Scheitern ist nicht ausgeschlossen...Muss ich mir mal noch in Ruhe alles durch n Kopf gehen lassen.


----------



## Tischgrill (26. April 2017)

B-Strecke: MTB-Marathon
A-Strecke: Extremsport

Ich bleibe lieber beim MTB-Marathon


----------



## Bindsteinracer (26. April 2017)

Ich nehms als Kompliment!!!Aber noch is nix fest,vor der A Strecke hab ich schon übelst Respekt


----------



## MB-Biker (27. April 2017)

Als echter Marathonisti muss man sich an A-Strecke bei der Trophy probieren. Ein geiles Rennen, dass das allerletzte Körnchen abverlangt. Die Zieleinfahrt ist unbeschreiblich geil.


----------



## naishy (30. April 2017)

MB-Biker schrieb:


> Als echter Marathonisti muss man sich an A-Strecke bei der Trophy probieren. Ein geiles Rennen, dass das allerletzte Körnchen abverlangt. Die Zieleinfahrt ist unbeschreiblich geil.



Da kann ich mich nur anschliessen.


----------



## Deleted 329784 (1. Mai 2017)

Habt Ihr ein paar Tipps für mich als Erstteilnehmer zur Organisation, Logistik, Fahrverhalten/Regeln, typische Anfängerfehler, Aufstellung am Start, Anreisezeit, Anfahrt/Parken, Verpflegung, etc. ?
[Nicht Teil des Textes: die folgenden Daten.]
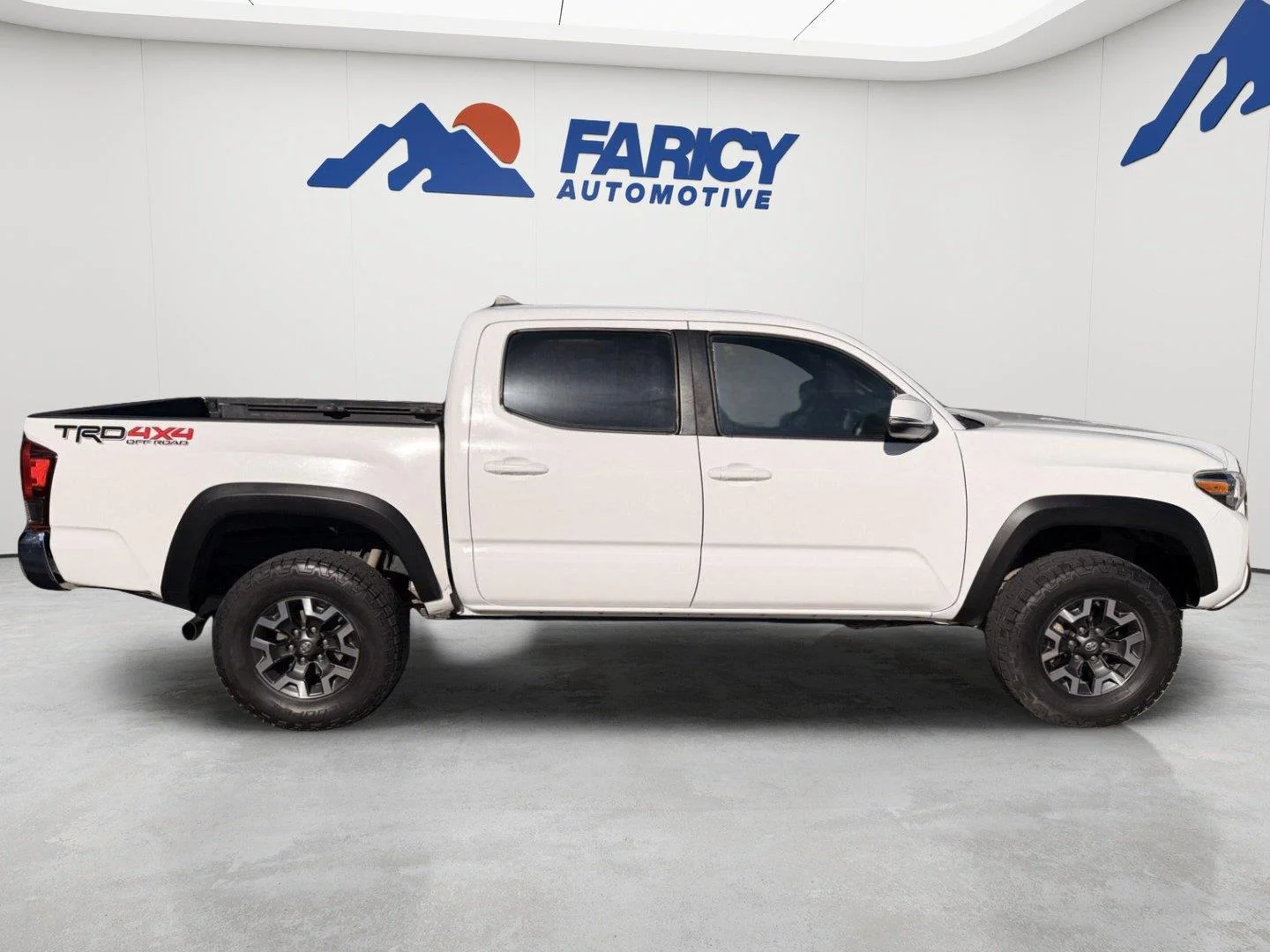 Used 2019 Super White Toyota TRD Off Road image 7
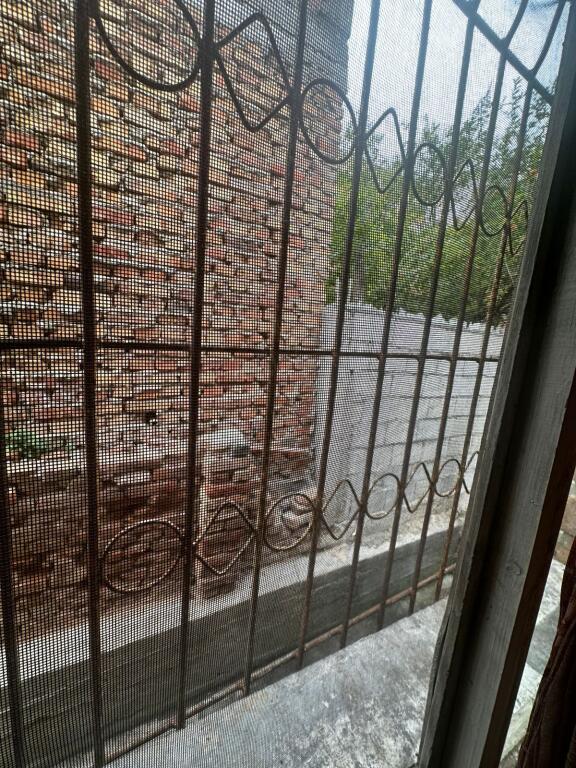 🏡 SHITET SHTËPI PRIVATE – PRANË POLICISË, DURRËS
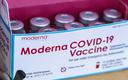 KE zatwierdziła szczepionkę Moderny na dwa podwarianty Omikrona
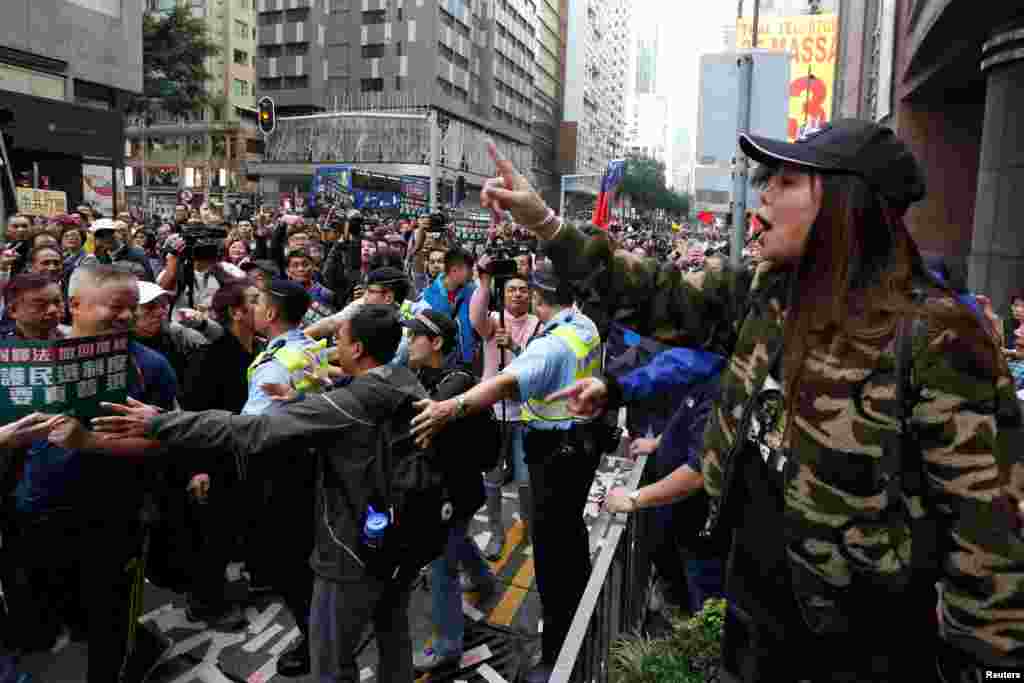 在香港元旦游行现场,也有亲中团体示威,两派隔空对喊,中间有栅栏隔开(2017年1月1日)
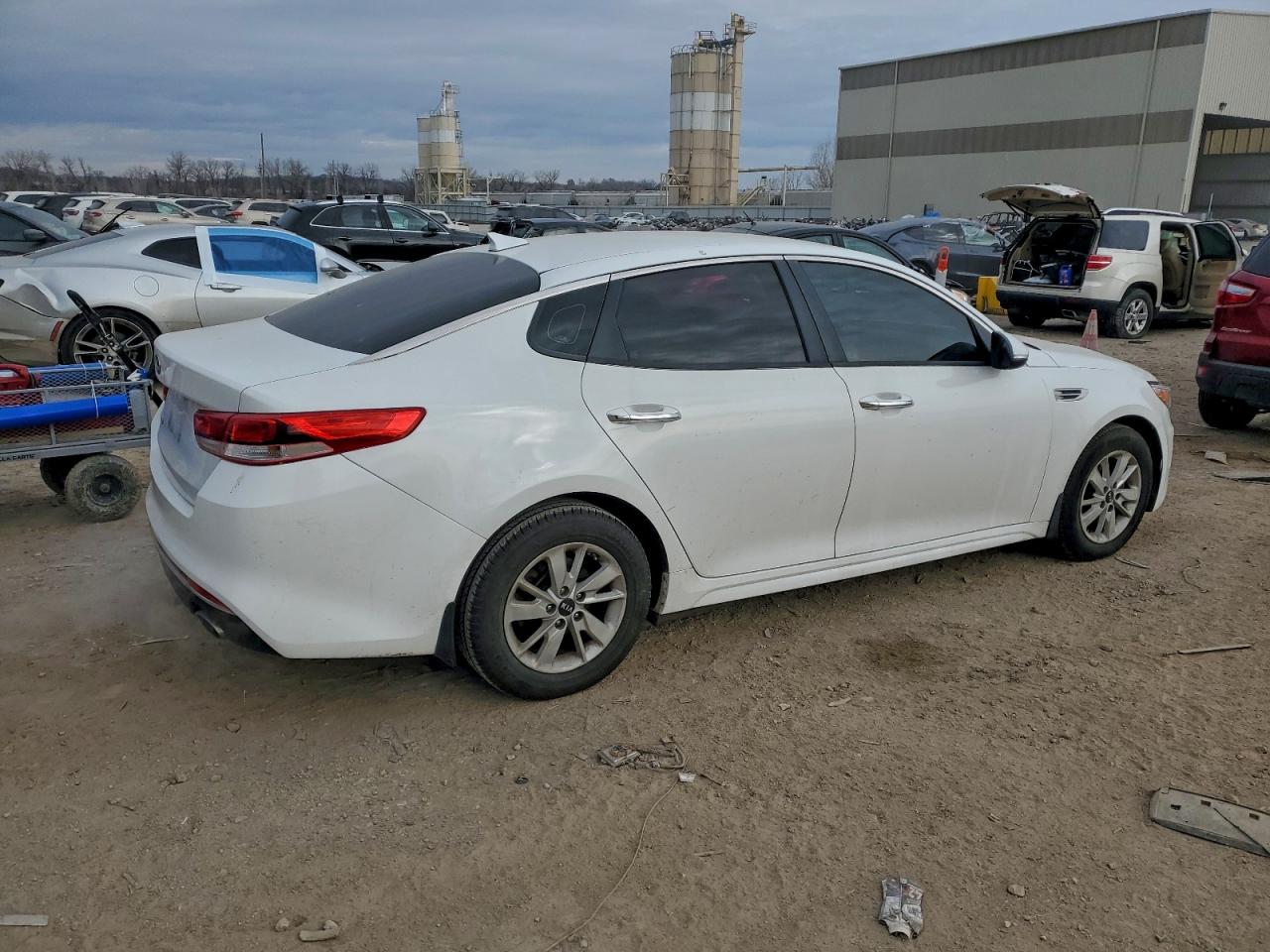 2016 KIA OPTIMA LX photo 3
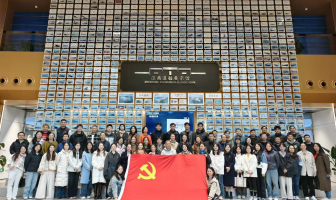 华东师大二附中党委组织开展江南造船厂参观学习活动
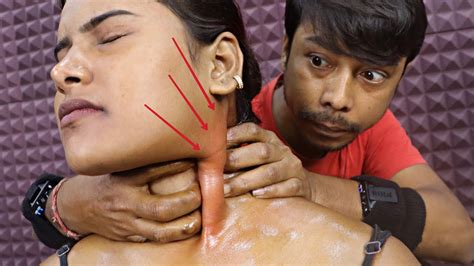 girl received head massage and neck cracking neck and shoulder massage with oil instant sleep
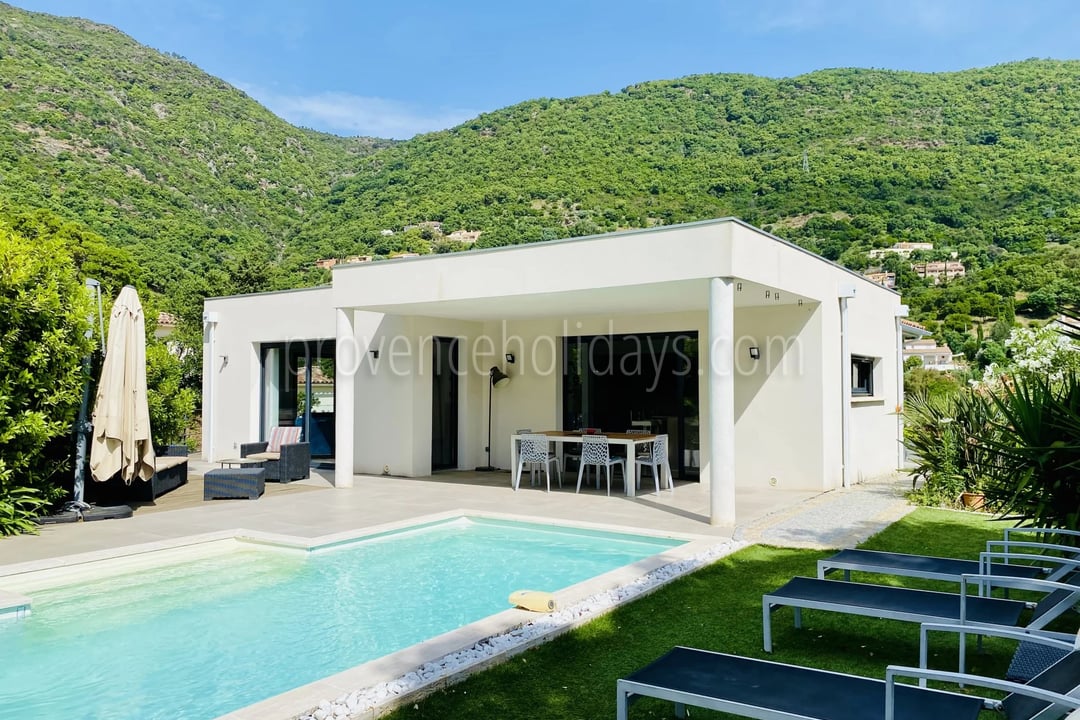 Moderne villa met zwembad in Cavalaire-sur-Mer - Zwembad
Ich komme aus der Region, sprich: Autoanfahrt ohne Übernachtung und kenne die Strecke und werde sie auch nochmal fahren. Ich werde mich sportlich und technisch natürlich entsprechend vorbereiten. Zielsetzung: Erstmal nur unfallfrei und ohne zusammenzuklappen im Ziel ankommen; Zeit ist zweitrangig.


----------



## MTB-News.de




----------



## Tischgrill (1. Mai 2017)

Rad gut warten (vor allem Kette/Schaltung/Antrieb), gut aber nicht zuviel essen 2-3 Tage vorher, organisatorisch am Abend davor und morgens viel Zeit einplanen, am Start langsam im hinteren Feld mitrollen und ohne Hetik alles auf sich zukommen lassen.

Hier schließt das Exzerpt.